If anyone ever did actually watch Doctor Who from behind the 'sofa', then it's a fair bet that the second track of Music From BBC Children's Programmes would have sent them scurrying right back there. As the upbeat sound of the Play Away cast getting down home and funky about opening umbrellas indoors fades out, in comes that electronic sting familiar to an entire generation for following countless instances of Tom Baker doing his 'alarmed' face while a booming voice announced that there was nothing he could do to stop their plans now.
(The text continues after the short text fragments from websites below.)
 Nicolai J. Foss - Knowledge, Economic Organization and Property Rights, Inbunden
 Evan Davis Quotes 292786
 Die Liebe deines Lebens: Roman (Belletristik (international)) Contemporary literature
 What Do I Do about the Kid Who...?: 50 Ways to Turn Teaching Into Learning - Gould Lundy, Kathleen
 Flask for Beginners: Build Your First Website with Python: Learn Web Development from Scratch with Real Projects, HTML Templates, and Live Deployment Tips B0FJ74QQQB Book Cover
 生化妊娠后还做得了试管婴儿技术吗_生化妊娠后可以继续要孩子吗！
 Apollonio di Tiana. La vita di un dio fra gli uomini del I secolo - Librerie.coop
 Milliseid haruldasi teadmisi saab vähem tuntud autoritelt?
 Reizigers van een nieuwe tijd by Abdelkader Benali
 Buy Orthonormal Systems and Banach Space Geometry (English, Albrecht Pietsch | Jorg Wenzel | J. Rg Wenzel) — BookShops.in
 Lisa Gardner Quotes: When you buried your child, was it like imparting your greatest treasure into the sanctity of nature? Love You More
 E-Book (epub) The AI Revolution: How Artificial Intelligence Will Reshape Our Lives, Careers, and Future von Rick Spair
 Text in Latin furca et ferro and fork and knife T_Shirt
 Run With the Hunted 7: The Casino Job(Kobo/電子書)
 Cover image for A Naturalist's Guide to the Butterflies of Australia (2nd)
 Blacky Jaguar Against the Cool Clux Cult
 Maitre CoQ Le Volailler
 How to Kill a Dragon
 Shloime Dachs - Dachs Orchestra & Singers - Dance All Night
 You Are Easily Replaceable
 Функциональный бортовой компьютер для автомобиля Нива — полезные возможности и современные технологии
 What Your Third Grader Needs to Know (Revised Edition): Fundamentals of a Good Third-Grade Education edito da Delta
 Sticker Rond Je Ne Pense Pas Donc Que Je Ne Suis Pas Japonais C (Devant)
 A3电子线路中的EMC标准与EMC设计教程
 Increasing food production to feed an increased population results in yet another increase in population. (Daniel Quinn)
Yes, it's the original version of the Doctor Who theme music, although not quite the original. Over the course of the Doctor Who's up-to-then ten year history, The BBC Radiophonic Workshop's original arrangement had been regularly rejigged as and when successive production teams elected to wield the time-honoured 'new broom'. It had been bolstered by the addition of new-fangled electronic 'spangles' as the fans insist on calling them - which is especially confusing when you're in the middle of an already all-over-the-place narrative that has already made several mentions of the sweets of the same name - and indeed that aforementioned cliffhanger-enhancing sting. It had been remixed into something approaching a rough approximation of stereo, and the full-length Tardis take-off effect had been pasted into the background halfway through. And even that's just the obvious rememberable-off-the-top-of-your-head stuff. In short, although the same basic original recording was still there somewhere underneath it all, in many ways it was actually a different version to the simpler, sparser one that had bookended episodes in the black and white era.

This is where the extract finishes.